Un micro-ondes abandonné dans la cour du lycée Lumina Sophie. • CAPTURE D'ÉCRAN

Plusieurs personnes se sont introduites pendant environ une heure ce weekend dans l'enceinte du lycée polyvalent Lumina Sophie, situé dans le quartier Vampires et ont tenté de le dévaliser. Il sont rentrés dans la salles des professeurs, dont ils ont sorti un micro-ondes, un réfrigérateur, un ordinateur et son écran. Non contents de leur forfait, les voleurs ont également fouillé des casiers, puis visité l'atelier cuisine du lycée, où ils ont remplis des sacs de nourriture. 

Les individus ont toutefois apparemment pris trop de temps pour commettre leur forfait, ce qui a permis à un gardien de nuit de les surprendre et de les mettre en fuite. Les suspects ont abandonné la majorité de leur butin sur place, comme on peut le voir sur des vidéos qui circulent sur les réseaux sociaux.

Les intrus sont passés par un côté de l'établissement qui n'est pas équipé des fils barbelés, contrairement au reste des lieux. Un manque du à un " retard de la CTG ", explique un membre du personnel. La même source nous indique que " la zone de déchetterie sauvage aux abords du grillage derrière la salle des profs leur a également facilité l'accès " à l'intérieur du lycée. Des déchets qui auraient dû être évacués par la mairie en décembre, soupire-t-on en interne. 

" Les dégâts sont limités fort heureusement, malgré une vitre cassée ", soupire Moncef M'Haouech. " L'opération est entre les mains de la CTG par rapport à la société de gardiennage, faut qu'ils fassent des rondes ", explique le proviseur de Lumina Sophie. " C'est la première de l'année, c'est traumatisant pour les enseignants. Maintenant la balle est dans les mains de la CTG, pour accélérer sécurisation de l'établissement, continue le fonctionnaire.

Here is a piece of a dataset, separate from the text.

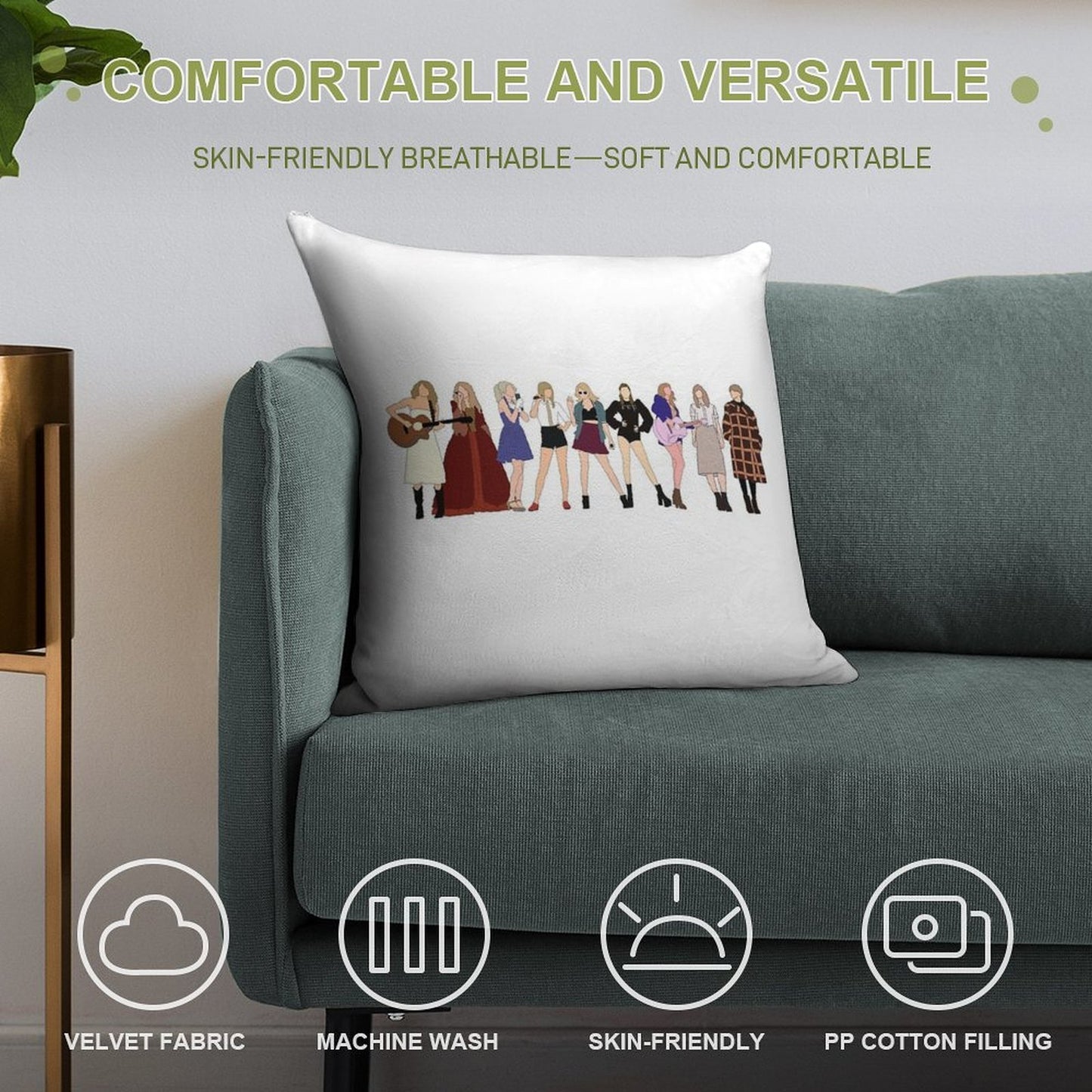 TAYLOR SWIFT 9 ERAS Soft Anti-Pilling Throw Pillow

Lui a passé son weekend à " énormément communiquer avec les autorités, à tous les niveaux, CTG, préfecture, rectorat, mairie, pour accélérer la sécurisation " de son lycée. En effet, si l'établissement est " très calme " en journée d'après son directeur, quand il est fermé, " on subit les aléas d'un quartier très paupérisé, au point d'aller voler de la nourriture, ce qui est très déroutant ", avoue Moncef M'Haouech.